Scotland Yard — the backdrop to thousands of crime stories and hundreds of film and television mysteries — is being converted into a £10,000-a-night luxury hotel.
The Grade II listed former headquarters of the Metropolitan Police is one of a number of iconic buildings being sold or leased by the Government as it seeks to cut spending. Other landmarks disposed of include Admiralty Arch.
Now the building from where the investigation into the Jack the Ripper murders was led has been taken over on a 125-year lease.
The man behind the hotel plan is the Cork-born head of the Galliard Group, Don O’Sullivan. “We want to create a world-class hotel attracting international visitors,” he said.
After a £100m refit, 3-5 Great Scotland Yard, inside which some of Britain’s greatest detectives worked and its most infamous criminals detained, will become a seven-storey, 235-bedroom hotel, complete with a spectacular grand entrance.
The market for top-end accommodation in London still has capacity, O’Sullivan believes, adding that just one-in-eight of the capital’s hotels built, or refurbished, since 2005 are five-star.

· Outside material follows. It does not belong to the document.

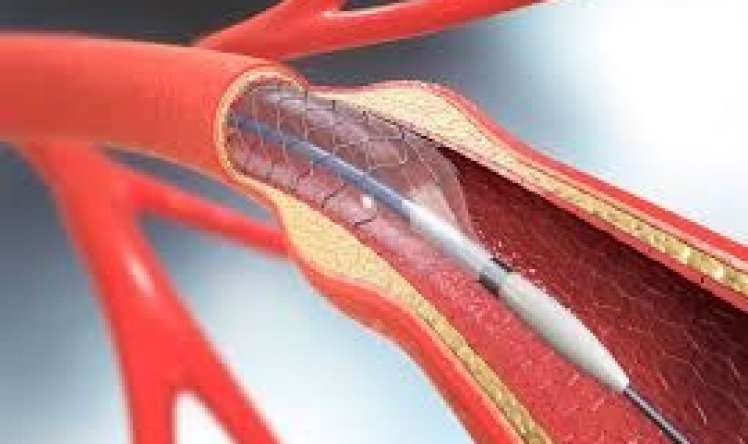 Hansı xəstələrin ürəyinə stent qoymaq olmaz?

Galliard is currently building three other hotels in the capital.
Founded in 1992 and employing over 700 staff, Galliard is a property development, hospitality and management group with a £1.1bn portfolio of 5,900 residential, hotel and commercial properties across London and southern England.

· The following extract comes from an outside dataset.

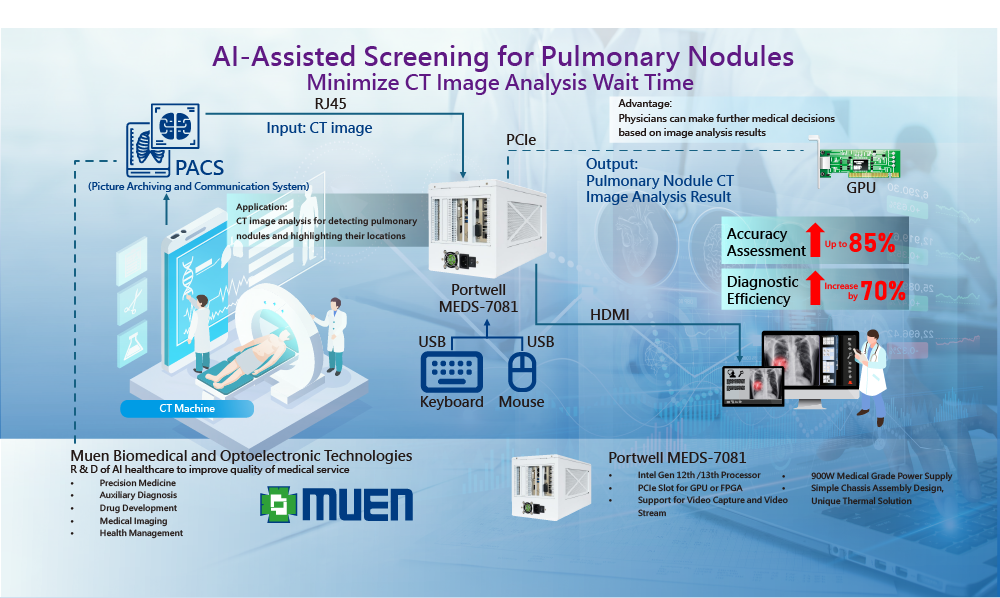 AI-Assisted Screening for Pulmonary Nodules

The streets around Whitehall are changing rapidly because of the new attitude by ministers to iconic properties, while vast foreign embassy buildings are being snapped up by wealthy individuals and foreign investment funds attempting to cash in on soaring property prices.
“The whole government quarter is undergoing a massive change,” says the Galliard Group managing director.
The red-brick and stone building was immortalised by Charles Dickens and later more popularly by Sir Arthur Conan Doyle as the place where his famous detective visited Inspector Lestrade in countless Sherlock Holmes stories.
By chance, the Metropolitan Police is also planning to sell off New Scotland Yard the building it moved into in 1967 from its Victorian riverside headquarters. The force has been tasked by the London mayor with making savings of half-a-billion pounds by 2015 and selling its present headquarters could save £500m over the next two-and-half years.